- Description of the task -
Write out again, word for word, the lines below from the line that holds "Mi Proyecto del" through the line that holds "Chat perdu BÉZIERS", omitting pictures.

***** Task input

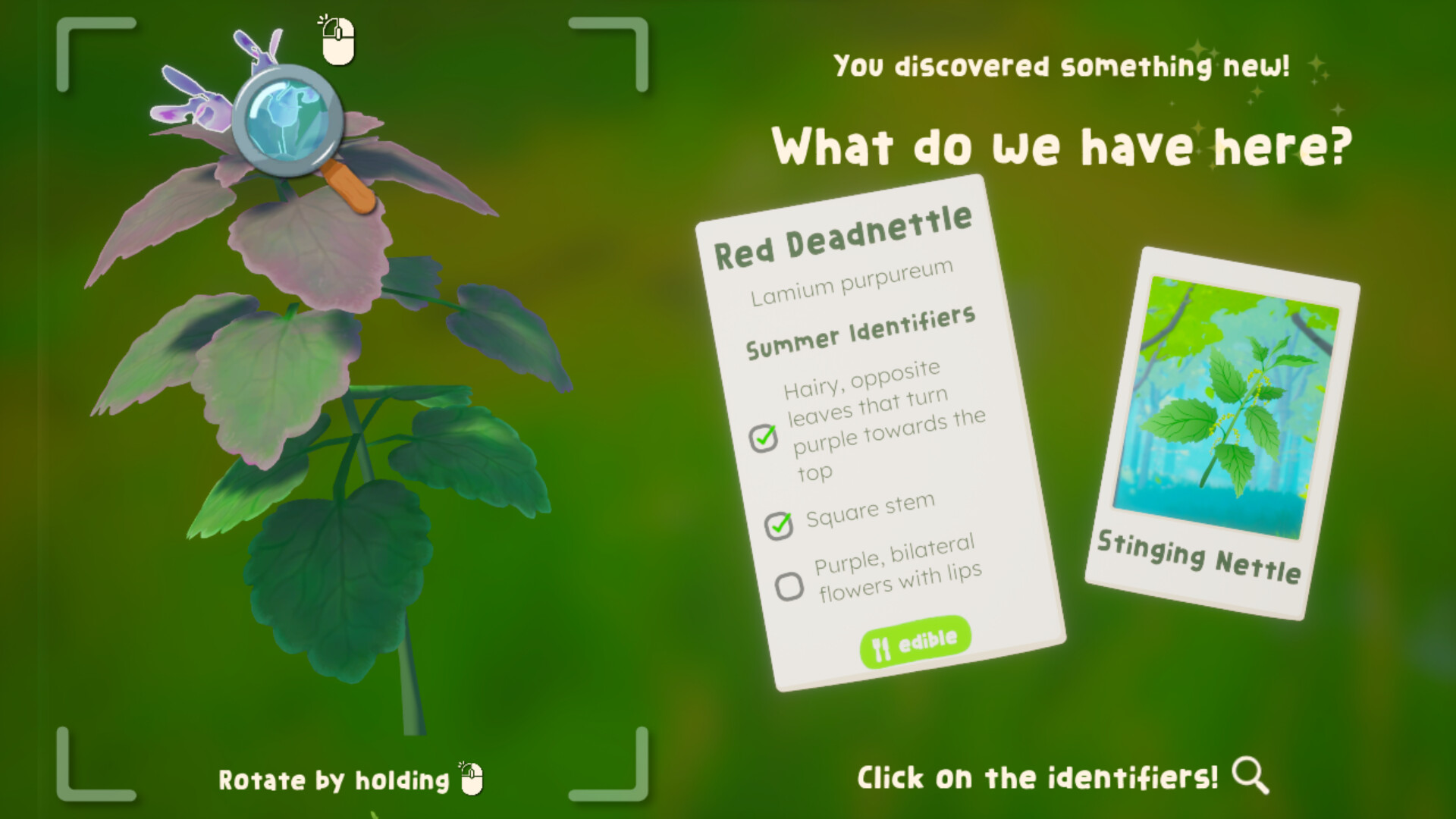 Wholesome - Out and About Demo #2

**********
***** Task input

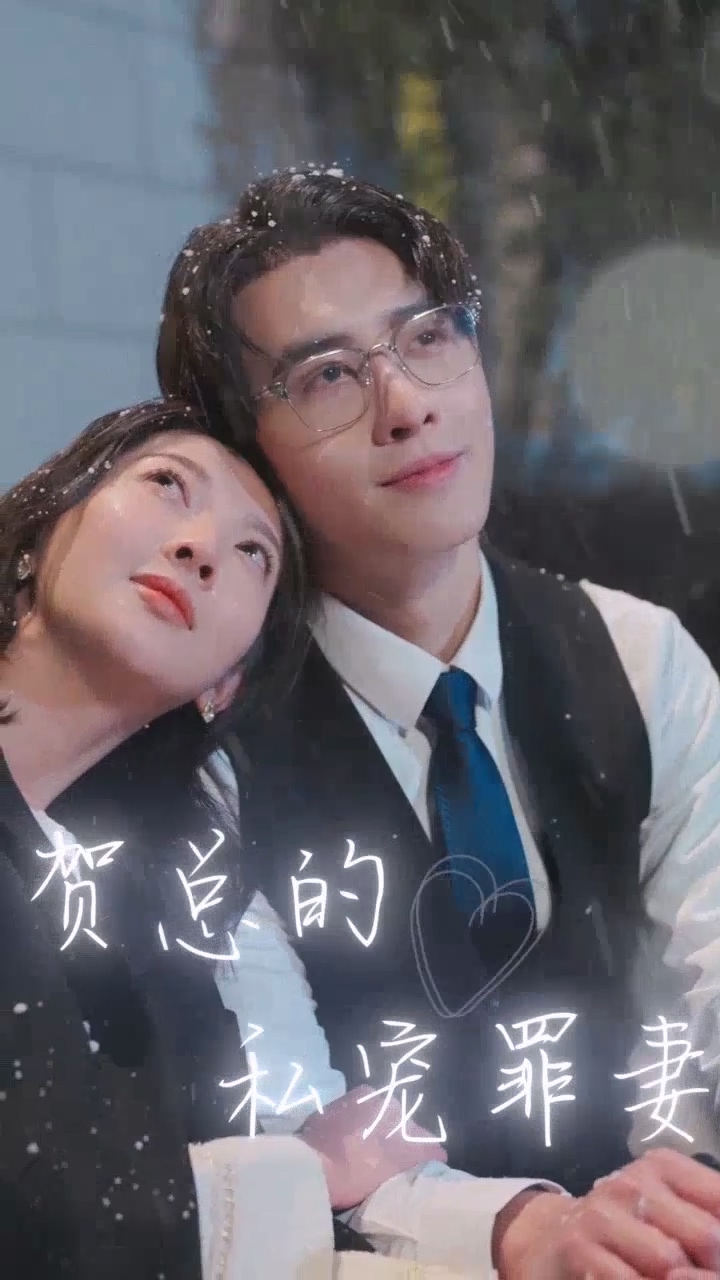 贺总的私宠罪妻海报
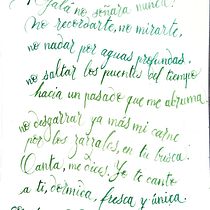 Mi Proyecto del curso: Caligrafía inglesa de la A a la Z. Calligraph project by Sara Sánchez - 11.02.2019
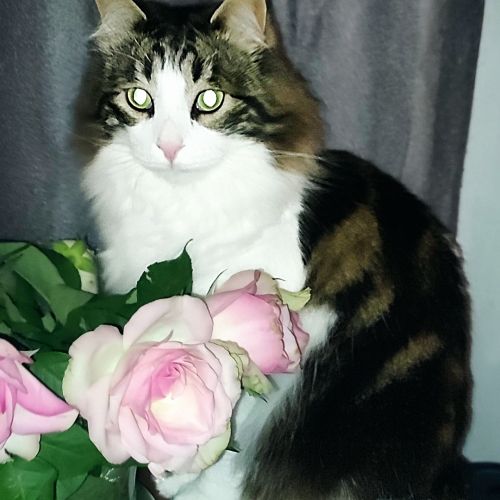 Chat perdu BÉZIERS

**********
***** Task input

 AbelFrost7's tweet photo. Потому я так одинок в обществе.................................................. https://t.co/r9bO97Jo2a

**********

- Result of the task -
 Mi Proyecto del curso: Caligrafía inglesa de la A a la Z. Calligraph project by Sara Sánchez - 11.02.2019
 Chat perdu BÉZIERS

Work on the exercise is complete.